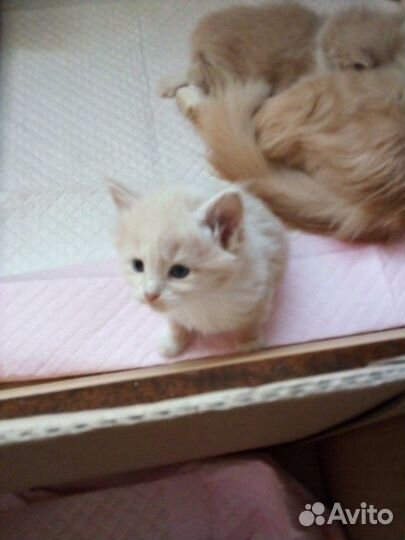 Кошки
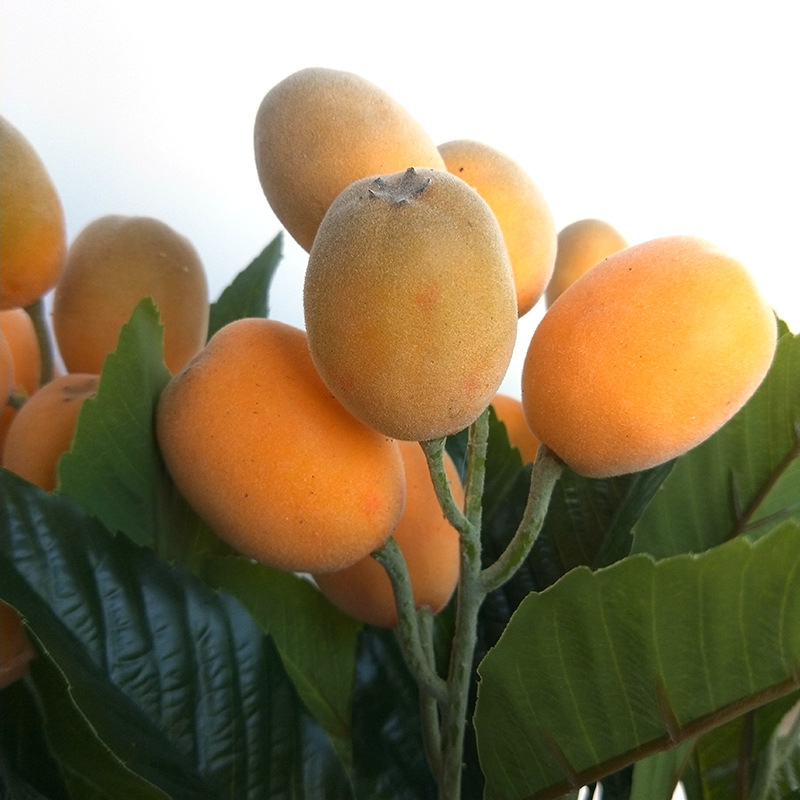 XRG-014 单支枇杷0.8米  (6).jpg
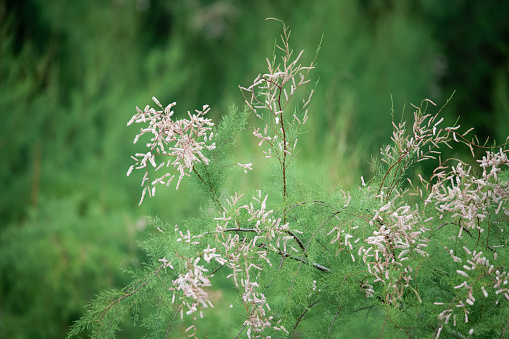 Salt cedar, Tamarix, with white flower blooms in the Texas salt marsh.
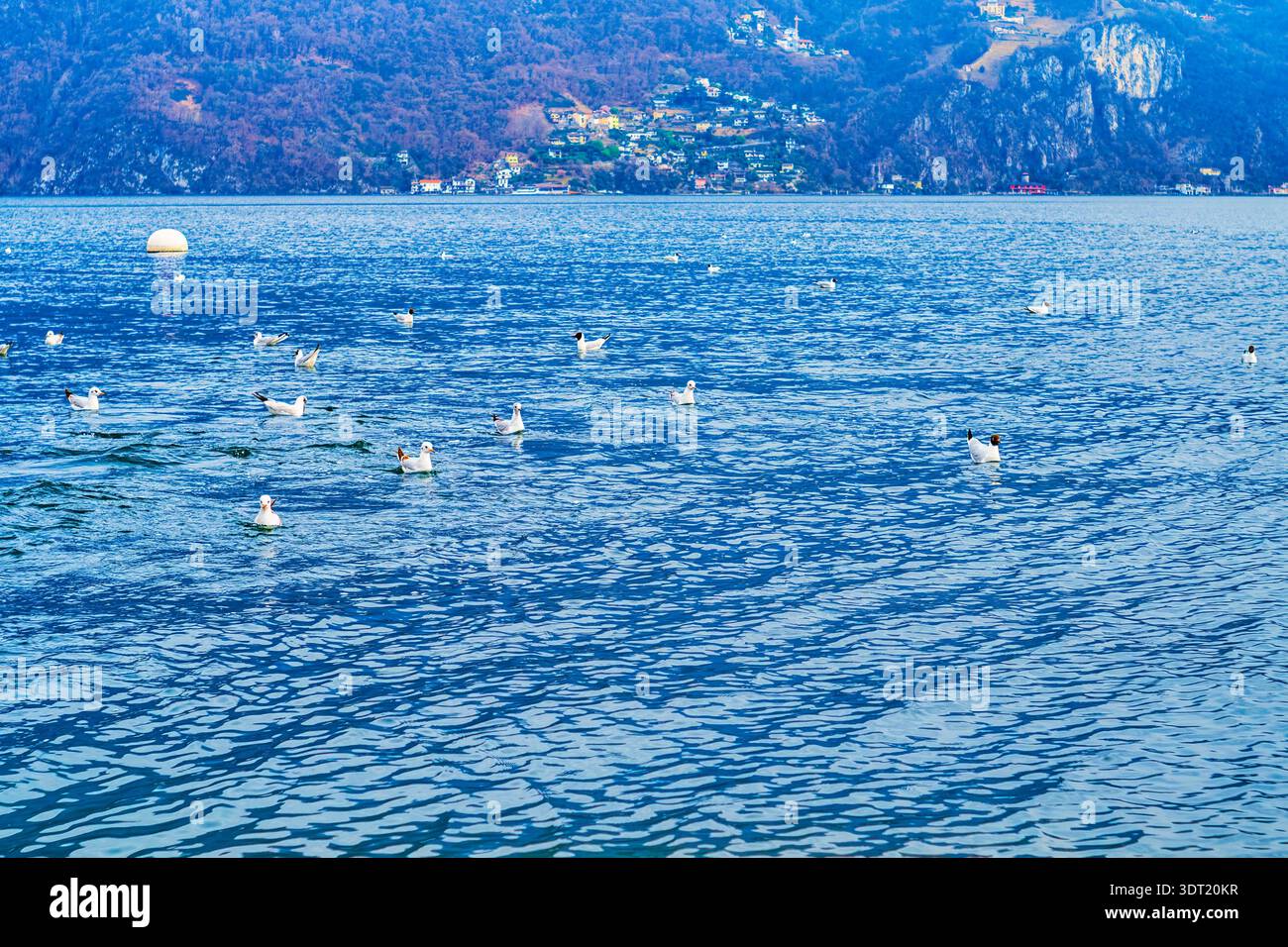 Mouettes flottant et glissant sur la surface chatoyante du lac de Lugano, Tessin, Suisse Banque D'Images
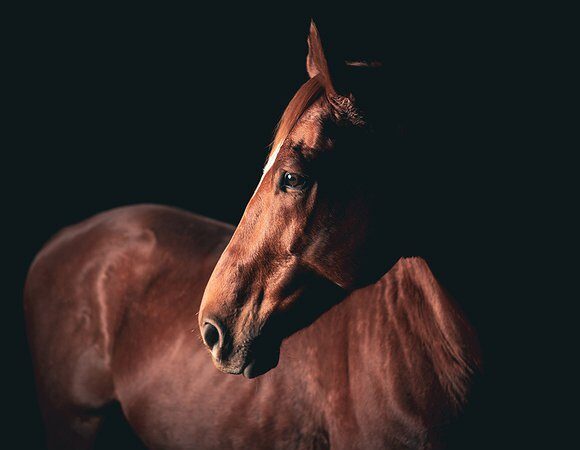Preciso vermifugar meus cavalos de quanto em quanto tempo?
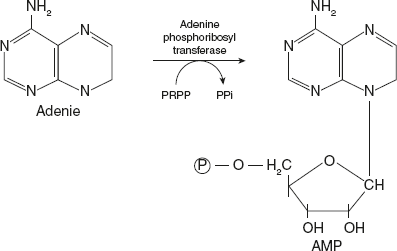 Figure 11.3 Salvage Pathway for Purine Nucleotides Synthesis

-------------------------

• EXERCISE
Text only, please: give the listing again word for word with no images.

• SOLUTION
 Кошки
 XRG-014 单支枇杷0.8米  (6).jpg
 Salt cedar, Tamarix, with white flower blooms in the Texas salt marsh.
 Mouettes flottant et glissant sur la surface chatoyante du lac de Lugano, Tessin, Suisse Banque D'Images
Preciso vermifugar meus cavalos de quanto em quanto tempo?
 Figure 11.3 Salvage Pathway for Purine Nucleotides Synthesis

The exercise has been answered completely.